* **ABOUT THIS EXERCISE**: Retype the listing below line for line, but only from the line with "Neuer Frisuren Bob" down to the line with "L'actrice française Virginie", inclusive. Pictures stay out.

* **DATA FOR PROCESSING**:
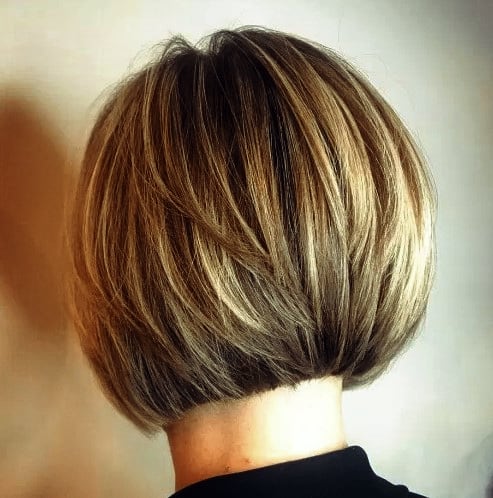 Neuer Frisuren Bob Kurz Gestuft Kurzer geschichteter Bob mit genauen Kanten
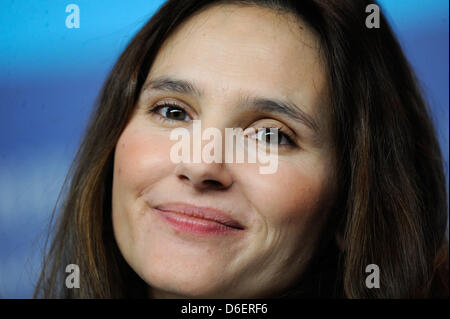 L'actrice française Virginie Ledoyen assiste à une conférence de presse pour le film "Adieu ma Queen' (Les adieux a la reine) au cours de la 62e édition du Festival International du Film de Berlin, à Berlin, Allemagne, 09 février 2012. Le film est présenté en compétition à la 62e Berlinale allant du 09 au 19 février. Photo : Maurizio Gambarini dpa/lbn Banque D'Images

* * *

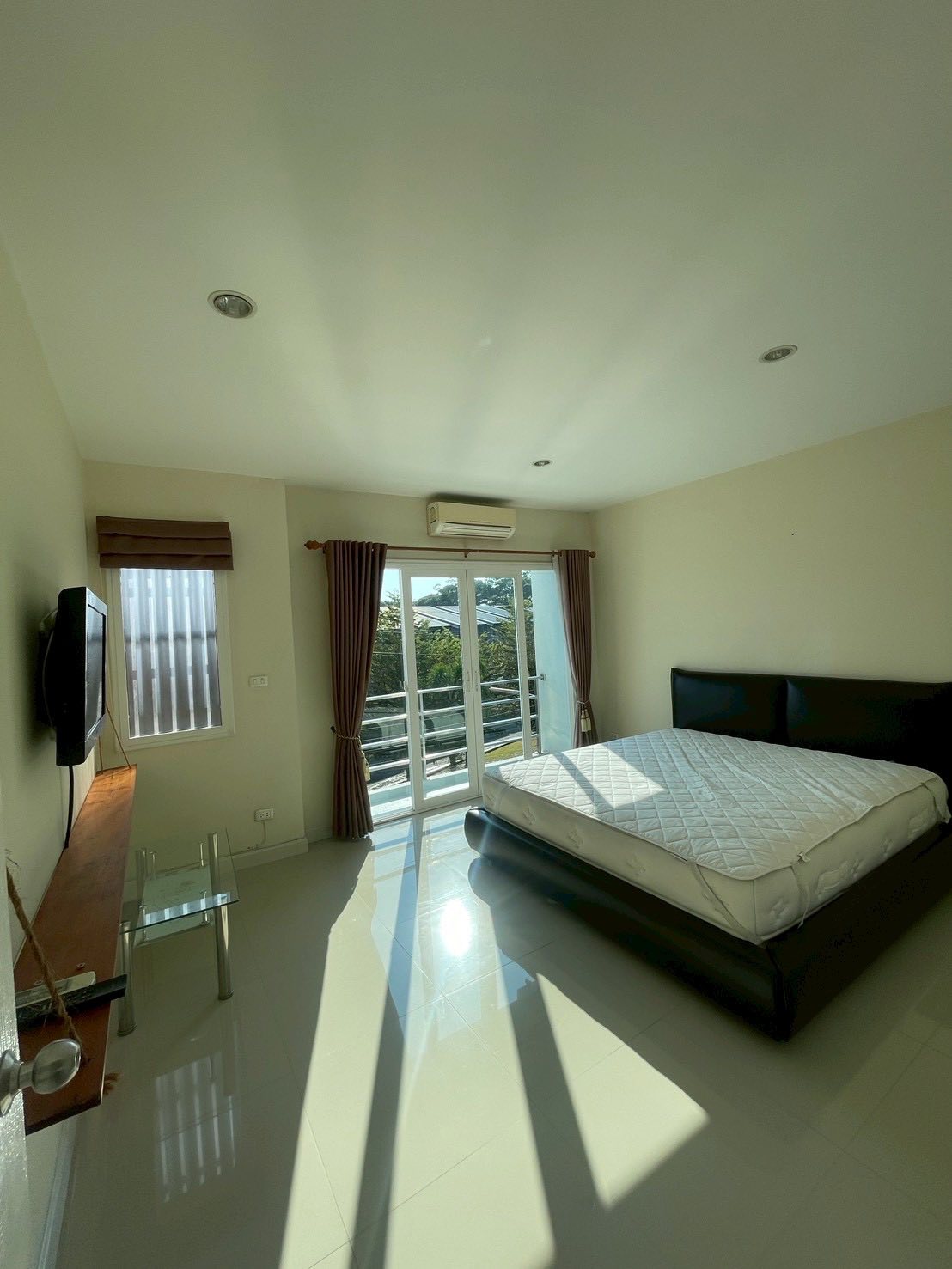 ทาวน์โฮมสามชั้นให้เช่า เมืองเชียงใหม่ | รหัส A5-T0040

* **WRITTEN REPLY**:
 Neuer Frisuren Bob Kurz Gestuft Kurzer geschichteter Bob mit genauen Kanten
 L'actrice française Virginie Ledoyen assiste à une conférence de presse pour le film "Adieu ma Queen' (Les adieux a la reine) au cours de la 62e édition du Festival International du Film de Berlin, à Berlin, Allemagne, 09 février 2012. Le film est présenté en compétition à la 62e Berlinale allant du 09 au 19 février. Photo : Maurizio Gambarini dpa/lbn Banque D'Images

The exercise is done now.